I find my physics education useful nearly every day in my job for a large semiconductor chip manufacturer, and I am still glad that I struggled through a PhD from the University of California, Berkeley, about a decade ago. However, I agree with Anita Mehta ( Physics Today, Physics Today 0031-9228 61 6 2008 50 https://doi.org/10.1063/1.2947649 June 2008, page 50 ) when she suggests that the physics research enterprise must overcome challenges if it is to remain relevant.
Around the beginning of the 20th century, one of Max Planck’s professors famously declared that there was nothing significant left to be discovered in physics. Einstein’s relativity and quantum mechanics followed; physics became paramount when the atom bomb helped end World War II and largely maintained the global peace for decades afterwards.
Times have changed. The Soviet Union is gone. The challenges with global climate change are also mostly political and economic. The microelectronics revolution has transformed the world, but with personal computers, cell phones, and the internet being everywhere, it is easy to take the underlying physics for granted. Do most people care, for instance, that the storage of songs and videos in iPods depends on the precise control of electrons’ quantum tunneling through an insulating barrier?

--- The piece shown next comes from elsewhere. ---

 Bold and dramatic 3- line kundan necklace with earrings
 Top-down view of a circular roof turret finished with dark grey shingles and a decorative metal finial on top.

Nearly all the practical successes of physics in the recent past are the consequences of physical understanding developed more than half a century ago. Meanwhile, nuclear fusion remains unavailable for power generation; high-temperature superconductivity is inadequately understood; and no mass-market application of carbon nanotubes has yet been found.
So what is new, and why should the taxpaying layperson care? Any new research proposal raises two pertinent questions: Is it likely to reveal anything fundamentally new about how nature works? If only confirming established physical theories, is the work going to be of any practical consequence in the near term?
Physics, like everything else, has to compete in the marketplace of ideas. Further inquiry in physics may remain relevant only if it continues to be widely perceived as a useful art or otherwise generates concepts that excite the imagination of young people.